While sinkholes are sometimes a naturally-occurring event, most frequently they are caused, directly or indirectly, from man. Most often the issue is one of above-ground weight, compromising the ground’s surface structure.
And while they have been known to swallow large, heavy appliances such as refrigerators or farming equipment, by far their most-favored target remains the automobile.
Most likely, if someone needs help due to a sinkhole, it is the tow truck driver who will get that call.
“It freaked me out,” said driver Darrell Sawyer, who was caught off guard in traffic last week.
“You could hear the ground falling,” he told the Leader-Post, “then you could hear the steel from my truck and just, Boom!”
In Regina, just across the Canadian border with North Dakota, a 4-ft hole had opened up beneath the asphalt under Sawyer’s truck.
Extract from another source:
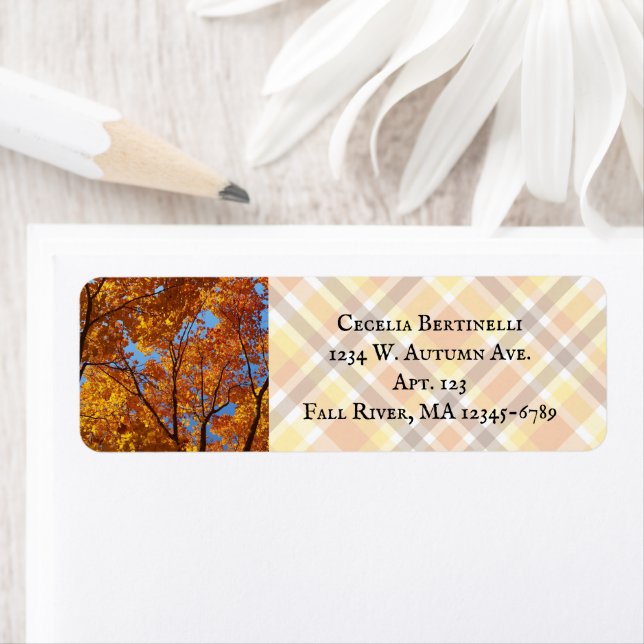 Colourful Yellw-Orange Sugar Maple Foliage / Fall Return Address Label (Insitu)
When he escaped the cab, Sawyer discovered the back half of his vehicle dipping into a 4-ft. hole filled with muddy water.
If a sinkhole is filled with water, it usually points to a common suspect: a water main break.
“It sank all the way up to the axle,” said Sawyer, who was close enough to where he lived to run home and call for help. “Even if I had four-wheel drive, there was no way I was pulling it out because the wheels were completely buried”
The recovery took more than an hour as police closed the road and the winch work got underway. Naturally the chief concern in such a situation is that the surrounding ground has also been compromised, threatening to turn a recovery effort into a rescue scene.
“I can’t imagine if it had been a little car,” said neighbor Leanne Kramer, suggesting it might have been swallowed whole.
In fact, a smaller car might not have caused the collapse. It is, most frequently, weightier loads that compromise the ground structure. As such, one particular type vehicle that is frequently snagged: the moving van.
Just last month in Tombstone, Arizona, a young couple arrived at their new home with belongings loaded up in the back of their truck. Suddenly they found themselves calling a tow service after the rear wheels of the vehicle began sinking under their own weight.
The idea of sinkhole season, however, is dismissed by the experts.
“I don’t believe we’re having any more today that we’ve had before,” said geoligist Randall Orndorff. “They happen all the time.”
While there is no real practical way to avoid or prevent sinkholes, most often they serve as only minor inconveniences, if even that. What they do most frequently generate is revenue for towing companies tasked with recovering something swallowed up by the earth itself.